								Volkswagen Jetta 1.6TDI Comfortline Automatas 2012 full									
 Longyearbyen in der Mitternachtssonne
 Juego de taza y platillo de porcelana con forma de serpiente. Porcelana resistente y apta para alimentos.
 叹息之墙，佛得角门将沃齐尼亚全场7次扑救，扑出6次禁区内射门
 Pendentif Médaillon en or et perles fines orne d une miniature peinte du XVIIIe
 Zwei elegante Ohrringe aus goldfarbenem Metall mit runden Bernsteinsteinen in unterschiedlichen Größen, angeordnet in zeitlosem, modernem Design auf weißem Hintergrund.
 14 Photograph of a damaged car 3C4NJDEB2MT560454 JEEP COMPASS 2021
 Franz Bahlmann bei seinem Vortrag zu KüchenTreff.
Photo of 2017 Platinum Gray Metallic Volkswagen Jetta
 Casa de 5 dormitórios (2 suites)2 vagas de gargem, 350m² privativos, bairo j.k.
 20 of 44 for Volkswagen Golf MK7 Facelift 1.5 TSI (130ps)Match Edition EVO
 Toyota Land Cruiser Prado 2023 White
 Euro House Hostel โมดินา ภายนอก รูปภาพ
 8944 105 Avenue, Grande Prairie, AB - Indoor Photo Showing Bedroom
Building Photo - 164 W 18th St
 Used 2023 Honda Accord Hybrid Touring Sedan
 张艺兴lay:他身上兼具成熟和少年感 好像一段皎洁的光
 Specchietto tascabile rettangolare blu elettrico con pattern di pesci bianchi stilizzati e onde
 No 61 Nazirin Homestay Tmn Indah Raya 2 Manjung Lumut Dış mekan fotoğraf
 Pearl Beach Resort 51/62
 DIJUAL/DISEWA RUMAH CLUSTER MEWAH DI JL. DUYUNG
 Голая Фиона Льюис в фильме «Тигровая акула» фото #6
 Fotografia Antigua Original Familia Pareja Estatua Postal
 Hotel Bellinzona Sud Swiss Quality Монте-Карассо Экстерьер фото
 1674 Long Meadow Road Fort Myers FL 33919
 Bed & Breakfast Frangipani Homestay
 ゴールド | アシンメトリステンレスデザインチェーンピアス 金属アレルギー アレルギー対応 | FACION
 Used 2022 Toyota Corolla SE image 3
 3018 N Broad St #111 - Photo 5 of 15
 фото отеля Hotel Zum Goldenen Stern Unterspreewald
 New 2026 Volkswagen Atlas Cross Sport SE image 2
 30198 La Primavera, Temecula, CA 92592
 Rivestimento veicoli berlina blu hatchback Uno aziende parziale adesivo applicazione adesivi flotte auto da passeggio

● ● ● ● ●

What you will do:
The required output is the stretch of entries above from the line containing "Building Photo - 164 W 18th St" through the line containing "DIJUAL/DISEWA RUMAH CLUSTER", reproduced exactly.

Task response:
Building Photo - 164 W 18th St
 Used 2023 Honda Accord Hybrid Touring Sedan
 张艺兴lay:他身上兼具成熟和少年感 好像一段皎洁的光
 Specchietto tascabile rettangolare blu elettrico con pattern di pesci bianchi stilizzati e onde
 No 61 Nazirin Homestay Tmn Indah Raya 2 Manjung Lumut Dış mekan fotoğraf
 Pearl Beach Resort 51/62
 DIJUAL/DISEWA RUMAH CLUSTER MEWAH DI JL. DUYUNG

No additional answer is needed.